> [Directions]:
Make an exact copy, without pictures, of the lines below from the one containing "this 732×300 image." to the last line, both ends included.

=== Begin Enclosure ===

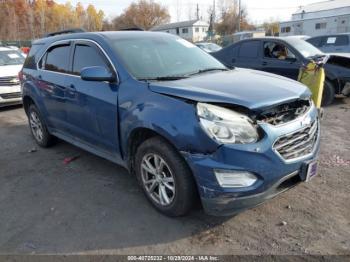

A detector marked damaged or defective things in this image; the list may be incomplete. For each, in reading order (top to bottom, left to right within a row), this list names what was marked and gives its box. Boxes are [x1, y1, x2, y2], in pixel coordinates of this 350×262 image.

crumpled hood [149, 67, 310, 110]
broken headlight [198, 102, 258, 144]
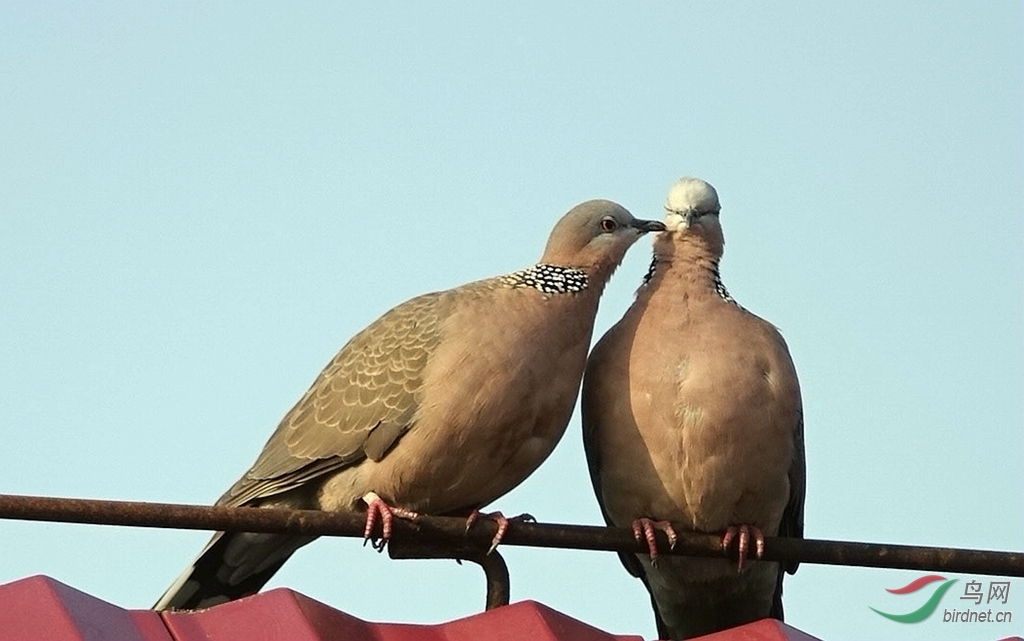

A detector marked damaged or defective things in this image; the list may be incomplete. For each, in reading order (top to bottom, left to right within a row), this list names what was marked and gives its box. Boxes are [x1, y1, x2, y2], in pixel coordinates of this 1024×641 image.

rusty metal bar [0, 491, 1019, 577]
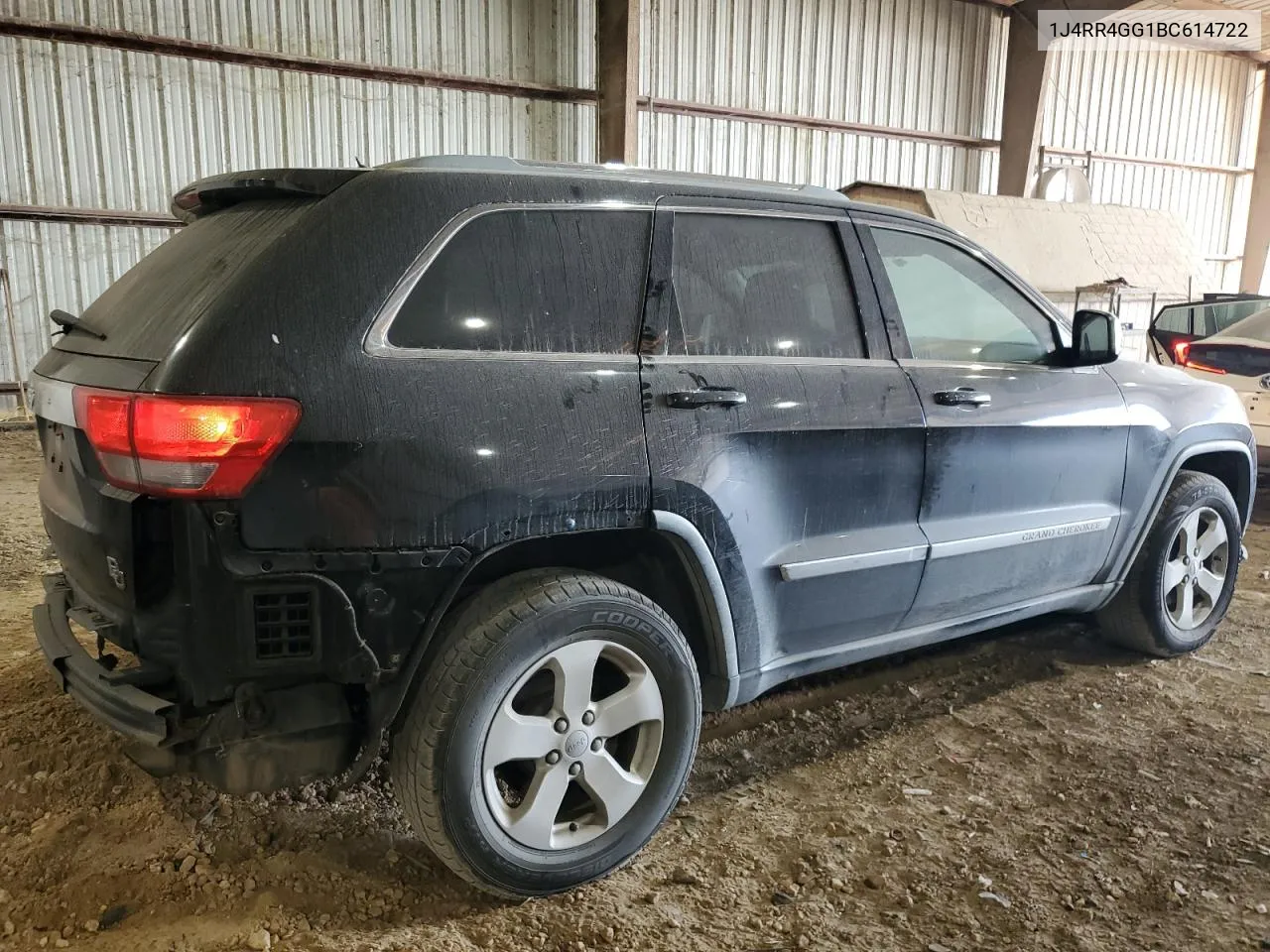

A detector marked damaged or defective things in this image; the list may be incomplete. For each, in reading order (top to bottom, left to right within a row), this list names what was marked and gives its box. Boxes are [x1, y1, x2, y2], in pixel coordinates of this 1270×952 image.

exposed bumper frame [32, 578, 175, 751]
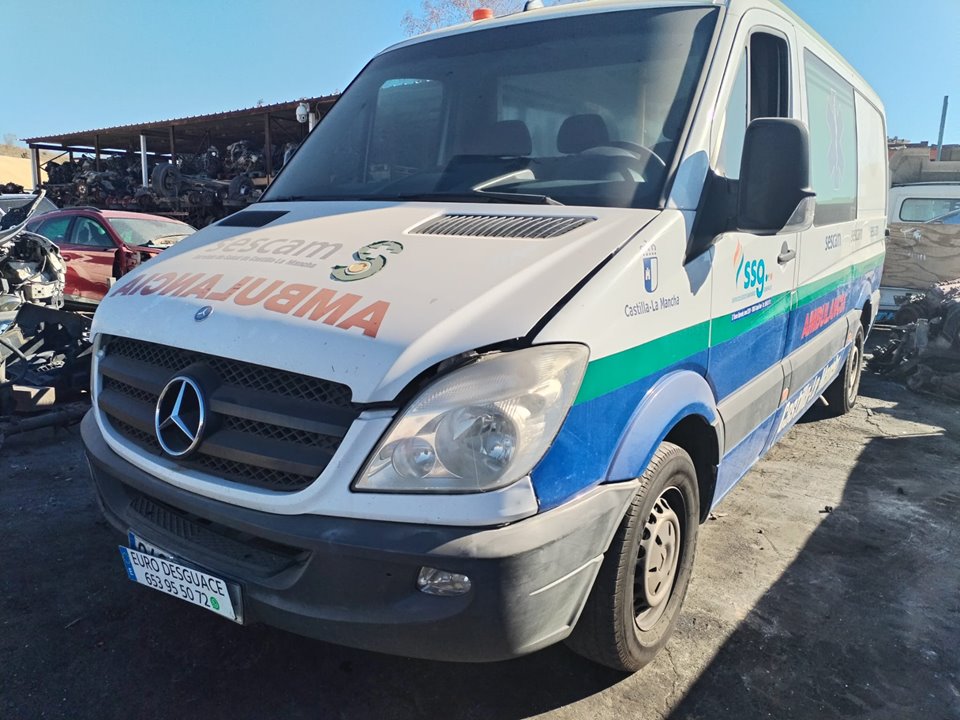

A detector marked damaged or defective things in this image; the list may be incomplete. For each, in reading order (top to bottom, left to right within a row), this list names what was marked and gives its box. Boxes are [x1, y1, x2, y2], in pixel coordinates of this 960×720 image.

wrecked red car [25, 208, 194, 304]
cracked hood [94, 201, 656, 404]
damaged mercedes ambulance [86, 0, 888, 672]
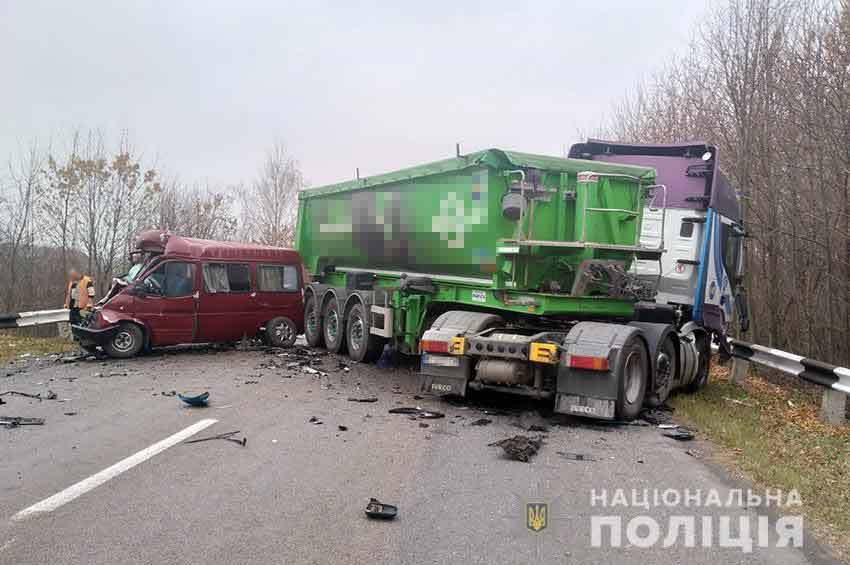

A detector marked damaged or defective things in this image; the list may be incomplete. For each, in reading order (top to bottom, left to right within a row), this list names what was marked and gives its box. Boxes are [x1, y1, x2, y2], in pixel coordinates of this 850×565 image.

damaged red van [73, 230, 304, 356]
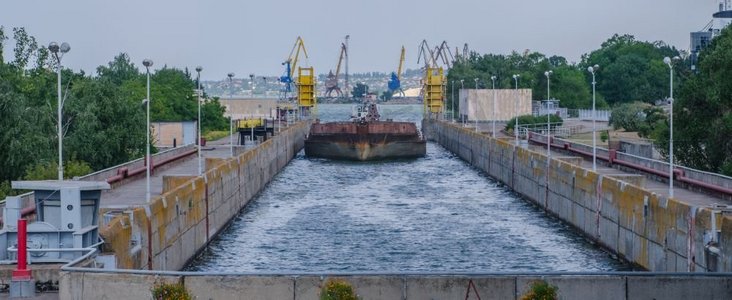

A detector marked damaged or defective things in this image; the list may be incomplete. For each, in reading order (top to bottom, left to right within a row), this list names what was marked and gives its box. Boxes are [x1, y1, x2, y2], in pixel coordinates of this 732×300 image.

rusty ship hull [304, 120, 428, 161]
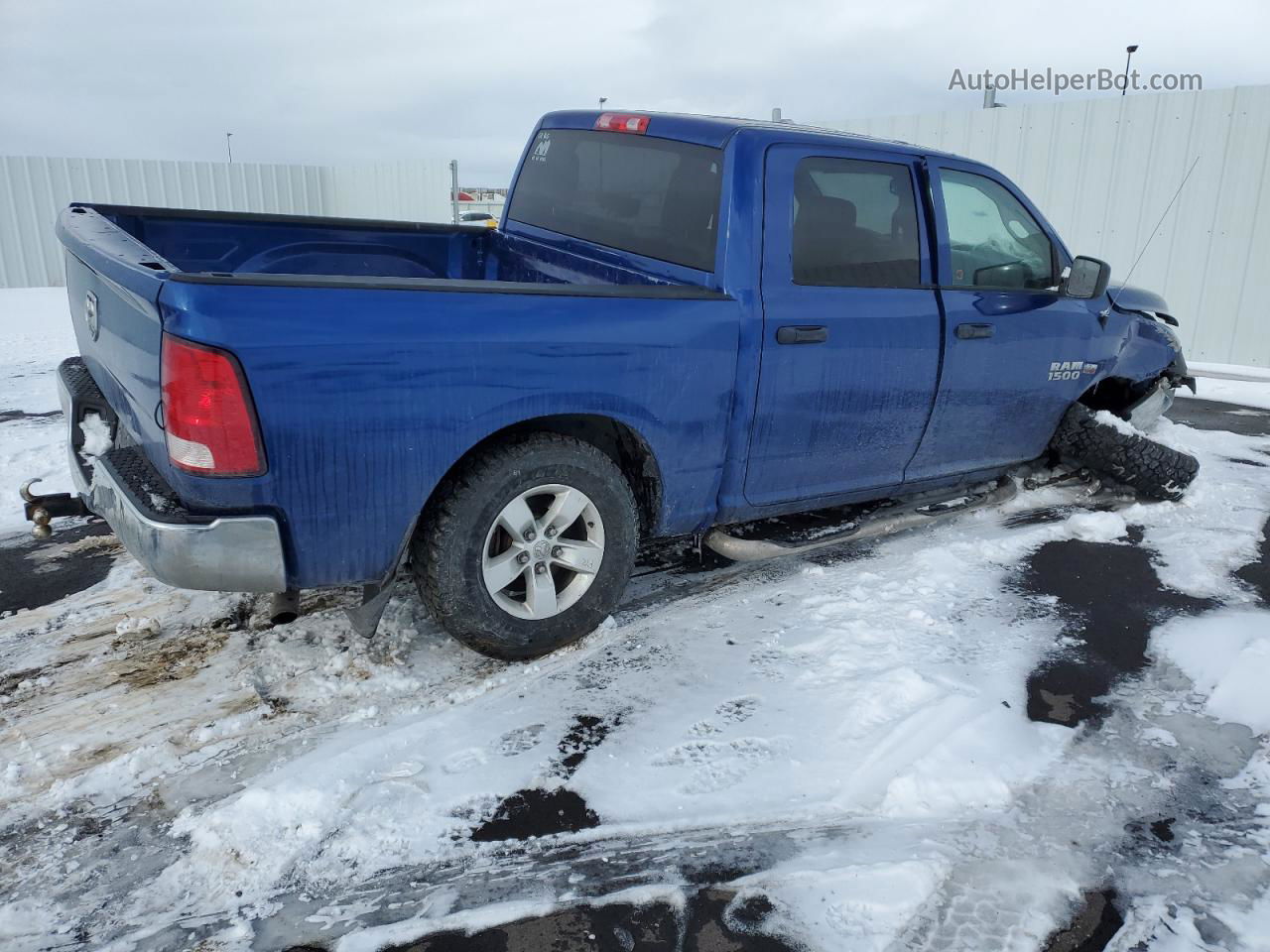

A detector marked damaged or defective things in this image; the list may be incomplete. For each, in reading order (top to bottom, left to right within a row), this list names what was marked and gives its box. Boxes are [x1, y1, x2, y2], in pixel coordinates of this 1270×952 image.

damaged front bumper [40, 360, 291, 596]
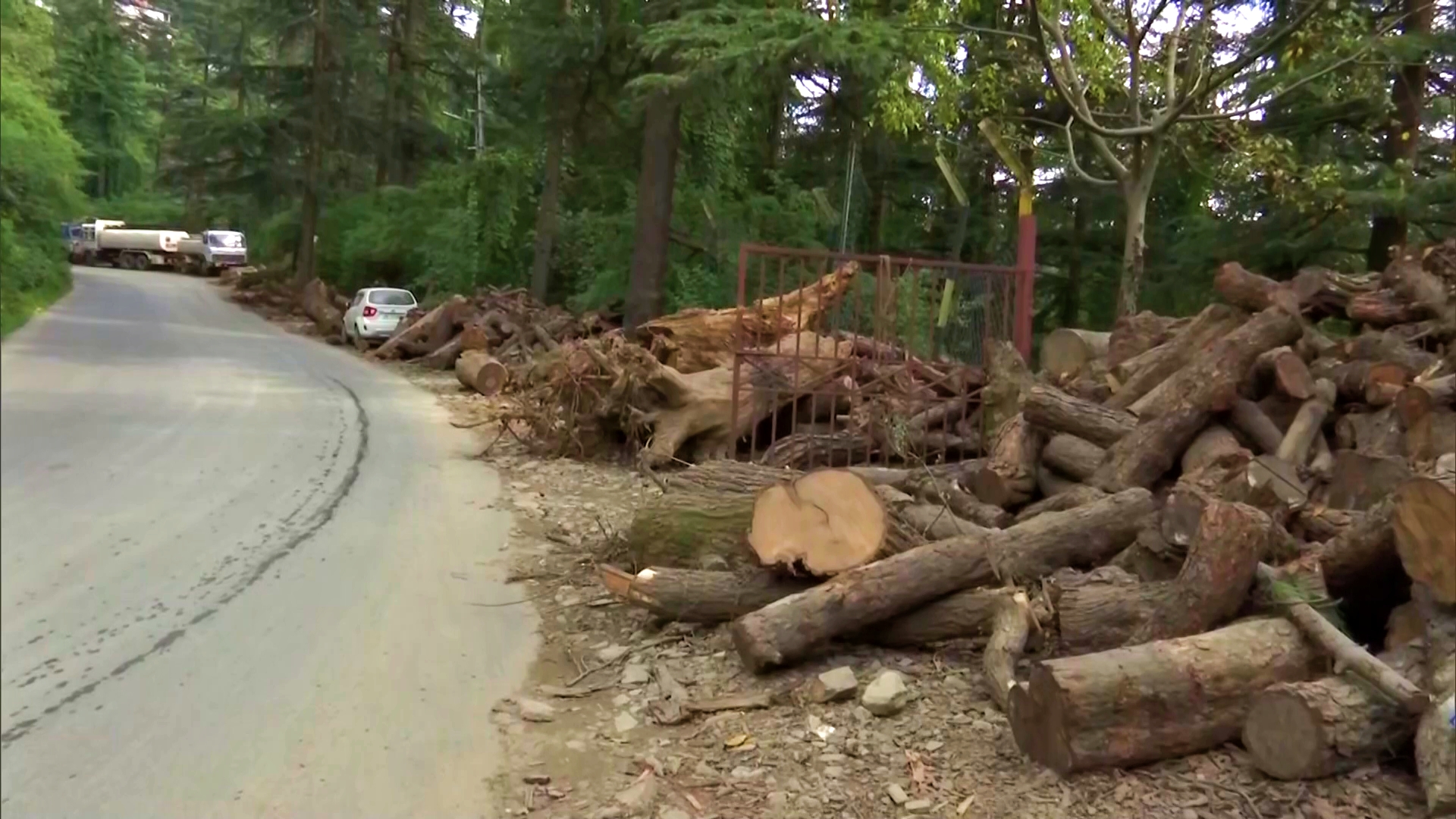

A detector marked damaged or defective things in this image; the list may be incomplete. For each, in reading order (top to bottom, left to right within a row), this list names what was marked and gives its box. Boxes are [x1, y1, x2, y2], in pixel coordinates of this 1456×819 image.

rusty iron gate [733, 242, 1031, 469]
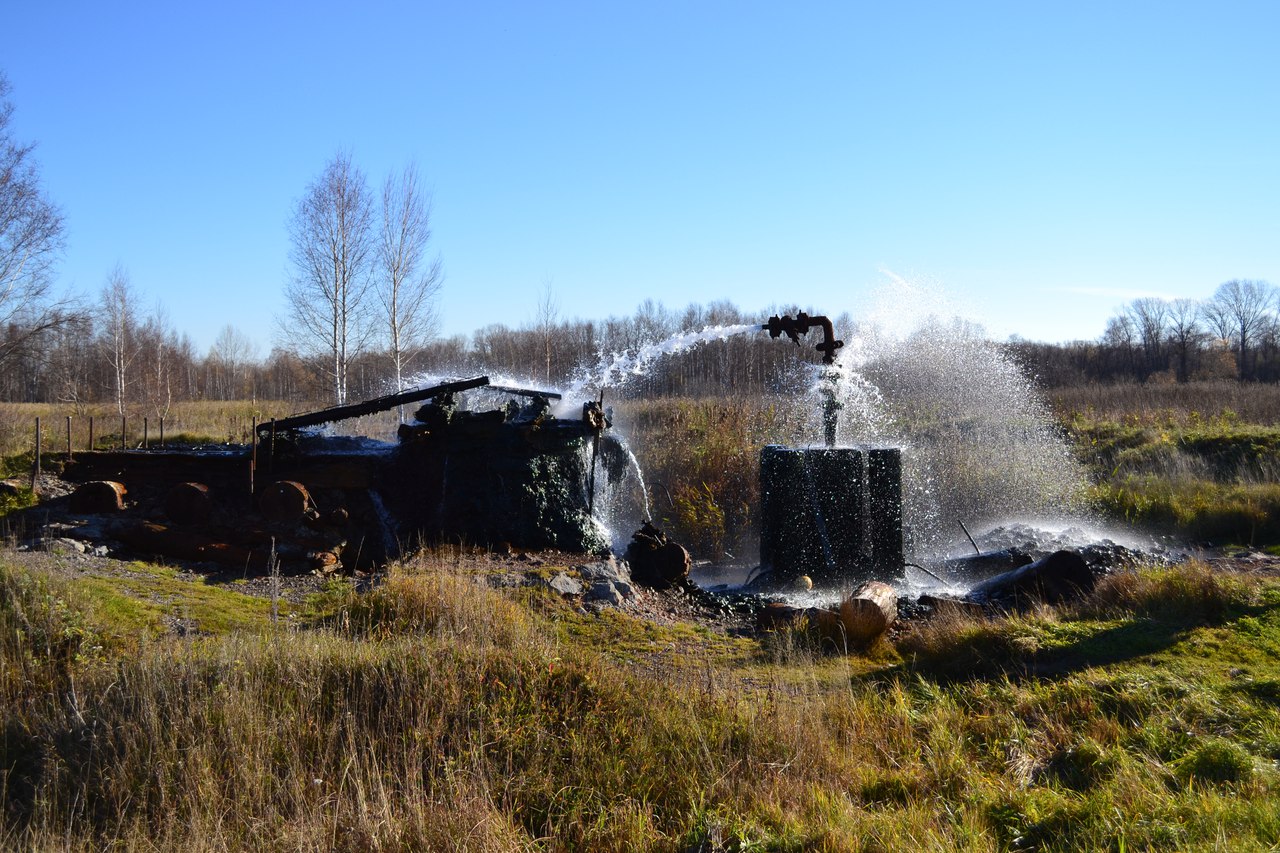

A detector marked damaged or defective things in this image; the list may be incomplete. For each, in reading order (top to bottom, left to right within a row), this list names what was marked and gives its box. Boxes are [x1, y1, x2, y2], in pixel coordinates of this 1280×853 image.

rusted machinery part [70, 479, 126, 512]
rusted machinery part [165, 479, 212, 525]
rusted machinery part [257, 479, 312, 525]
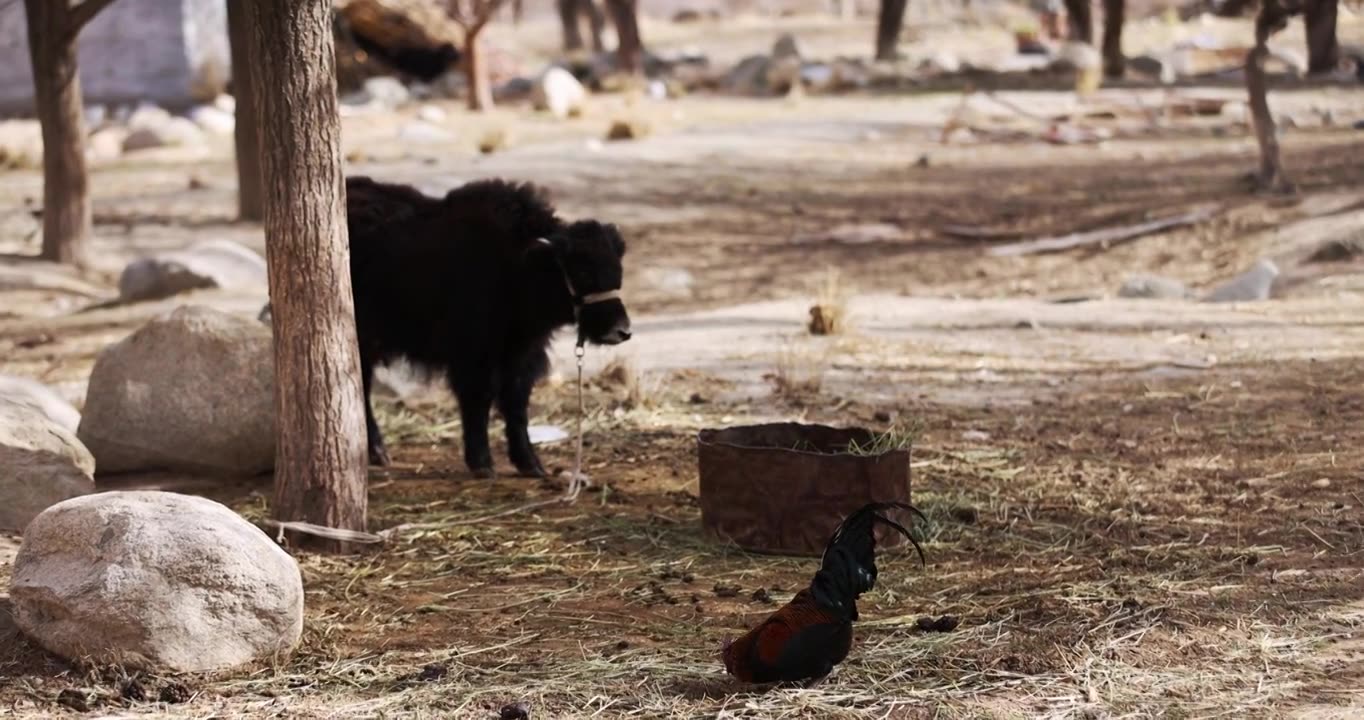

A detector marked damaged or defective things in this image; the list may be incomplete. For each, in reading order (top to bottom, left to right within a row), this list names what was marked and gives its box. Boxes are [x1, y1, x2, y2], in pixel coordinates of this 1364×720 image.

=== End Enclosure ===

> [Output of the exercise]:
A detector marked damaged or defective things in this image; the list may be incomplete. For each, in reading order (top to bottom, left to right within a row), this list names what was marked and gives its box. Boxes are [x1, y1, x2, y2], in pixel coordinates of this 732×300 image.

rusty ship hull [304, 120, 428, 161]

A detector marked damaged or defective things in this image; the list may be incomplete. For each, in reading order (top to bottom, left to right within a row), this list names what was marked and gives its box. Boxes are [x1, y1, x2, y2], in pixel coordinates of this 1270×952 image.

damaged front bumper [40, 360, 291, 596]

A detector marked damaged or defective things in this image; the list may be incomplete. For each, in reading order (top to bottom, left to right within a row), this list names what was marked and gives its box. Boxes are [x1, y1, x2, y2], in pixel coordinates of this 1456×819 image.

rusty iron gate [733, 242, 1031, 469]

A detector marked damaged or defective things in this image; the list may be incomplete. For each, in reading order (top to bottom, left to right within a row), this list names what was marked and gives its box. Boxes are [x1, y1, x2, y2], in pixel coordinates of this 1280×853 image.

rusted machinery part [70, 479, 126, 512]
rusted machinery part [165, 479, 212, 525]
rusted machinery part [257, 479, 312, 525]

A detector marked damaged or defective things in this image; the list may be incomplete. For each, in reading order (top to bottom, left to right within a row), this list names what was marked and gives its box. Boxes are [x1, y1, x2, y2], in pixel coordinates of this 1364×720 image.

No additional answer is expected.